*Directions:* Please retype the data in full and exactly; the pictures are not part of the copy.

Available data section start

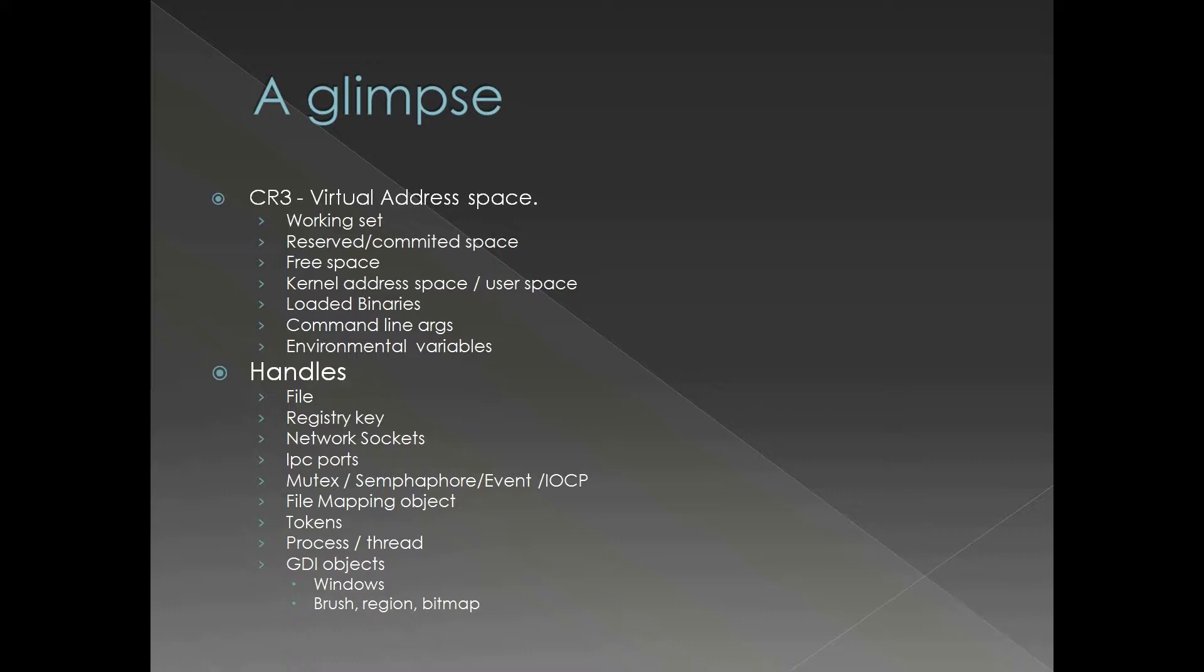It has working set. Working set is going to be part of the address space. Reserved space, free space, kernel address space, user address space.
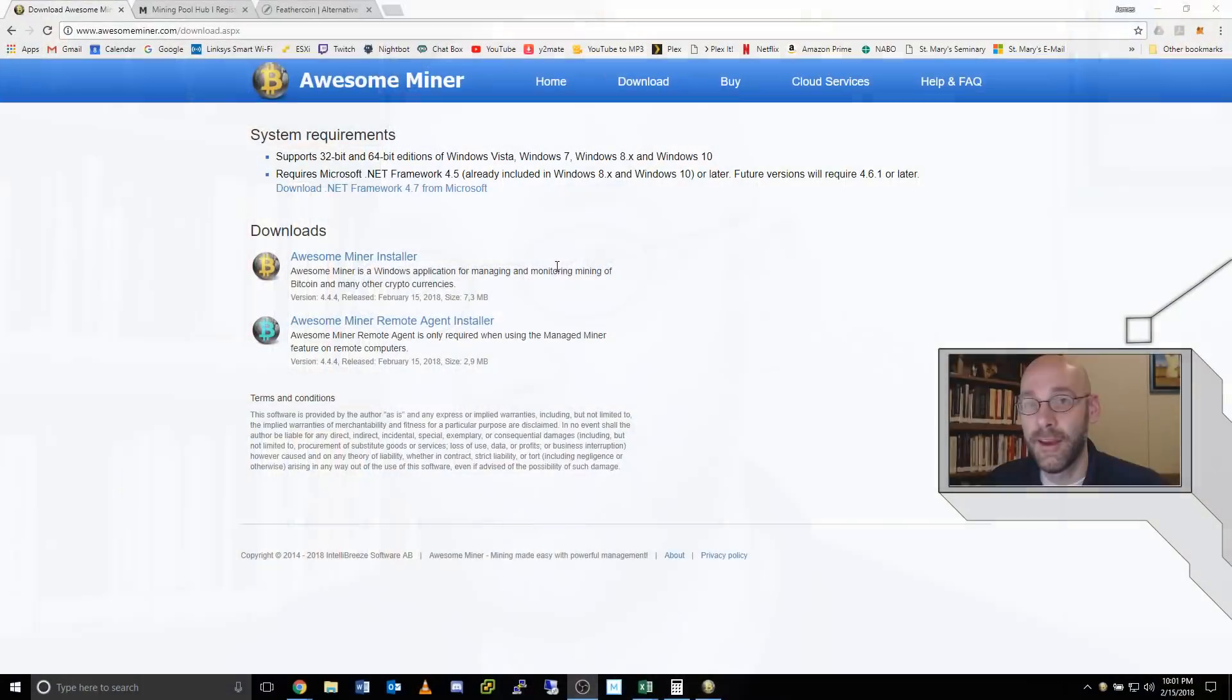Hello everyone! Thanks for checking out my video. I can't believe it's been all this time and I, the goose, have not yet done a video on Feathercoin. Anyway, I'm going to show you how to use AwesomeMiner and MiningPoolHub to mine Feathercoin. Let's get started.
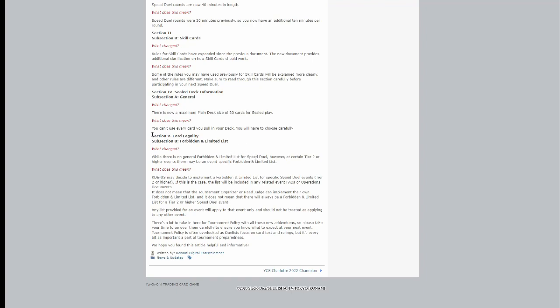Card legality, forbidden limited list. This is the most important one in my opinion. This is what the forbidden limited list says: While there is no general forbidden or limited list for Speed Duels, however, at certain tier two or higher events, there may be an event-specific forbidden and limited list.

Available data section end

*Solution:*
It has working set. Working set is going to be part of the address space. Reserved space, free space, kernel address space, user address space.
Hello everyone! Thanks for checking out my video. I can't believe it's been all this time and I, the goose, have not yet done a video on Feathercoin. Anyway, I'm going to show you how to use AwesomeMiner and MiningPoolHub to mine Feathercoin. Let's get started.
Card legality, forbidden limited list. This is the most important one in my opinion. This is what the forbidden limited list says: While there is no general forbidden or limited list for Speed Duels, however, at certain tier two or higher events, there may be an event-specific forbidden and limited list.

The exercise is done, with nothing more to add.